Last Thursday we had an interesting discussion in our course on Online Publishing on how students anticipated the near future in online information. We took some inspriation from Vannevar Bush’s visionary 1945 text “As We May Think“, but also from authors such as Manuel Castells, “The Net and the Self: Working notes for a critical theory of the information society”, 1996, Henry Jenkins, The Cultural Logic of Media Convergence, International Journal of Cultural Studies march 2004 (vol. 7), p. 33-43 and Lev Manovich, “The Practice Of Everyday (Media) Life”, 2007.
As a vindication of Jenkins’ views on convergent media, we also had a short look at Pattie Maes and Pranav Mistry’s great presentation of “The Sixth Sense” at the 2009 TED event:
For one thing it shows that we will want to interact in a more integrated way with the superimposed virtual world than we do today through a multitude of devices.
From our class discussion it emerged that issues and new ways to cope with privacy were the most pressing concern: we will learn how to live socially with less privacy, or privacy organised in a different way than today. The feeling is that to reap the benefits of social information technologies, one must be prepared to share more with others than what we are accustomed to.

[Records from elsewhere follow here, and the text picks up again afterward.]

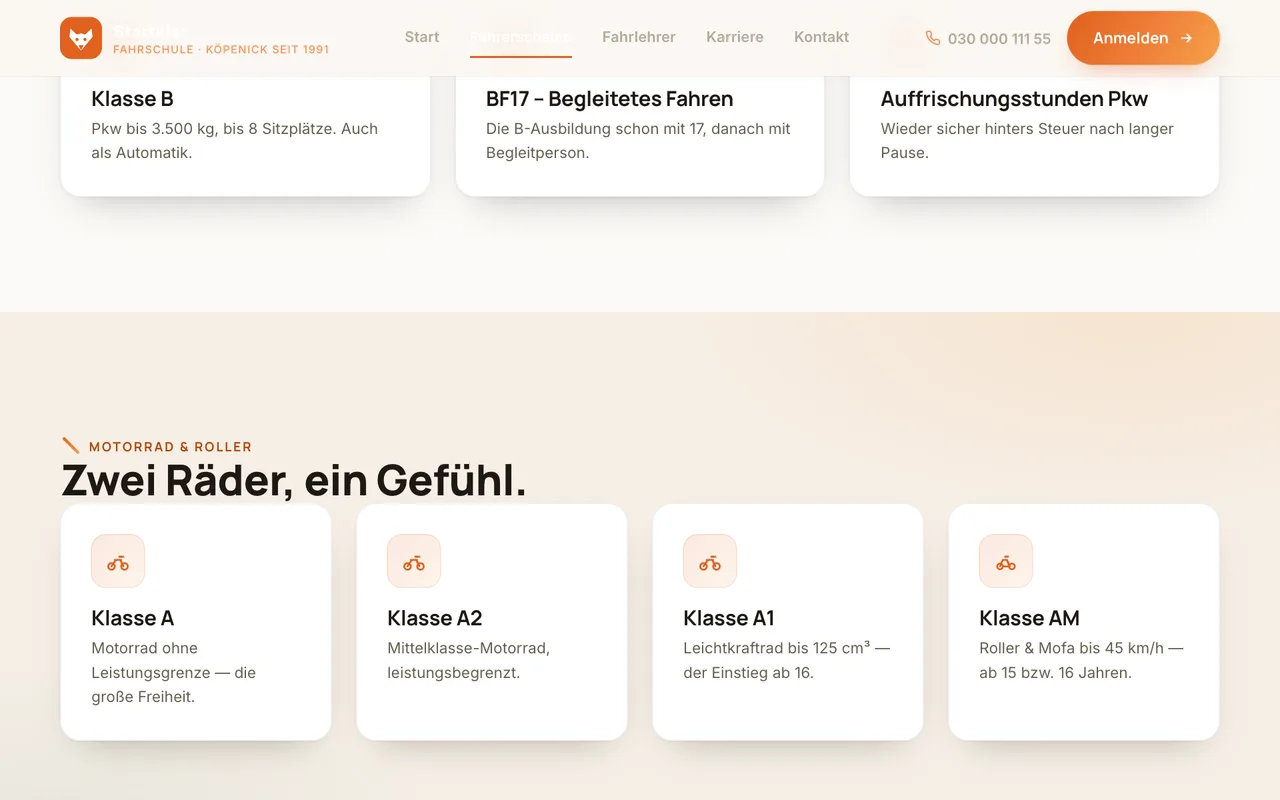 Design-Demo – Fahrschule, Führerschein-Klassen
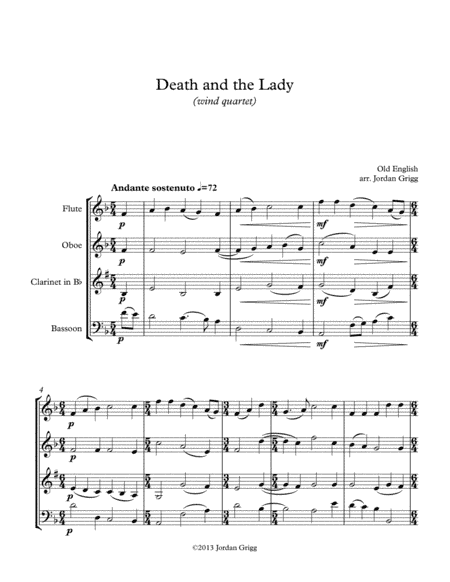 Death and the Lady (wind quartet) (arr. Jordan Grigg)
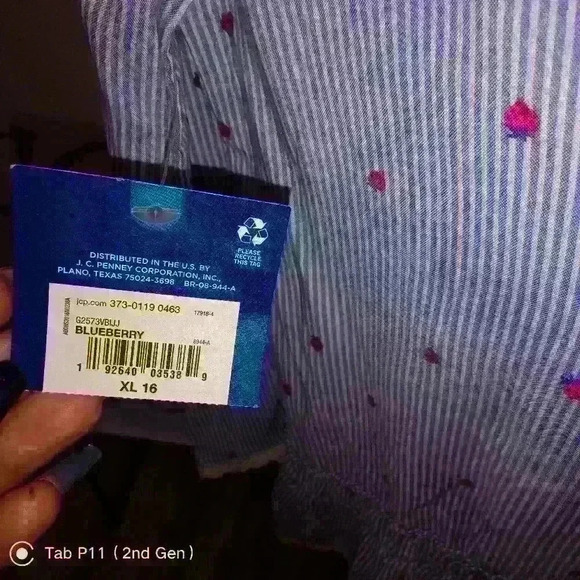 Arizona Jean company girls blueberry / strawberry size extra large 3/4 shirt nwt - Picture 4 of 8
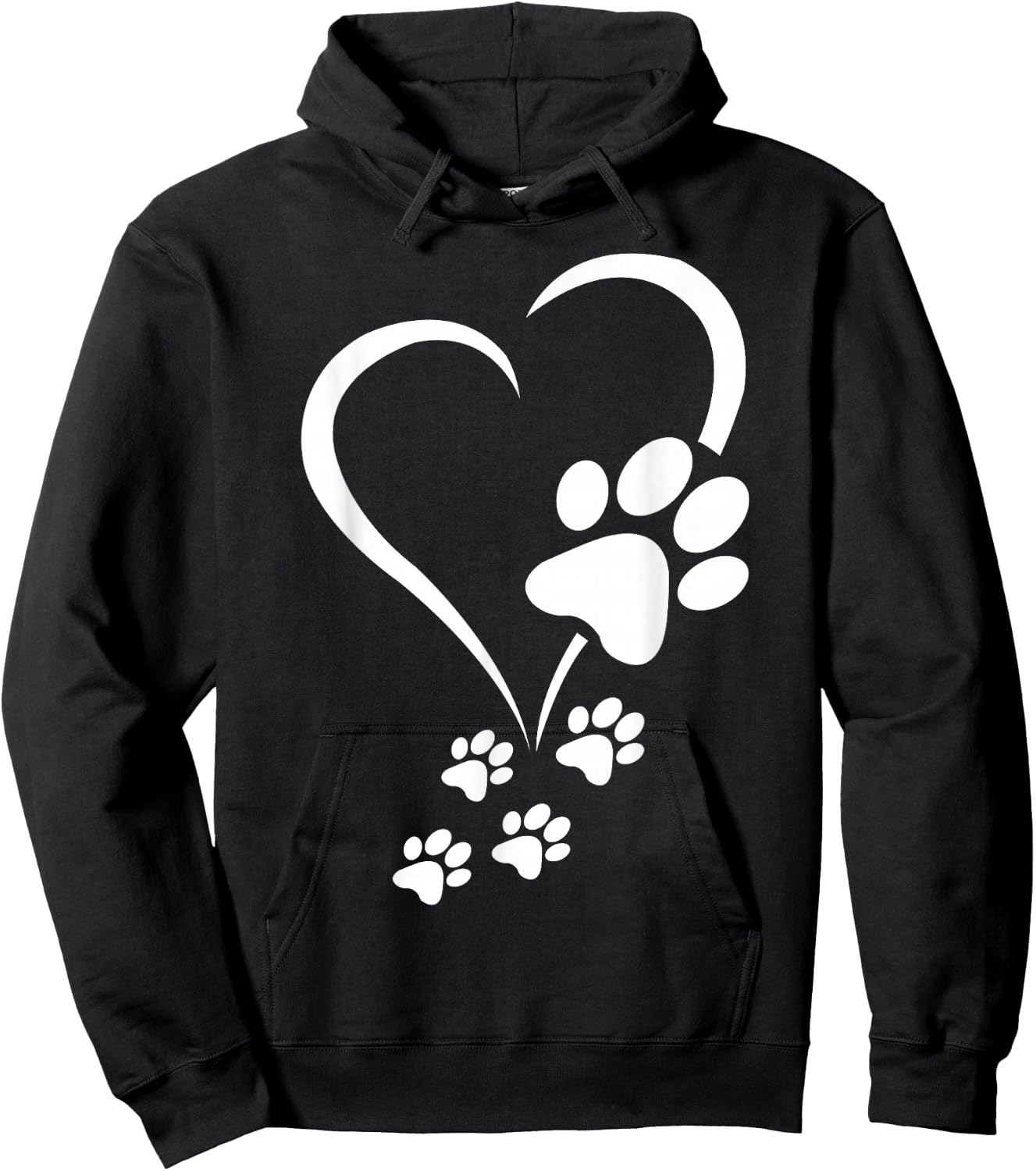 Baby Dogs Heart - Dog Paws Heart Print Hoodie - Hoodie | Black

In some projects, the students will explore more radical ways in wich the web touches upon our social life and identity, such as Online Churches or Facebook Obituaries. Other groups focus on how the creative industries recuperate subcultures and youth cultures through the web, and stress the importance of online games and gaming to model social relations.
The rise and growing reality of user-generated content was also highlighted. A striking example is JK Rowling inviting a selected group of readers to contribute to the narrative a a new novel. In this sense, the introduction of the e-book is not only seen as a new way of publishing, but also as an opportunity for a new way of writing.
More technically, finding out user expectations towards technology is deemed to remain important for good web design, and much attention is paid to information selection, e.g. through association. Students also see the web as a place where tacit knowledge is becoming explicit.
There is also the insight that our vision on the future is hampered by our current concepts: “Fantasy of the future, the current technology will restraint our imagination of the future.”
For those who thought that speech technology was dead, students see in Web 3.0 and Speech-to-action a revival of those technologies, enabling us to interact with the virtual world in a more natural way.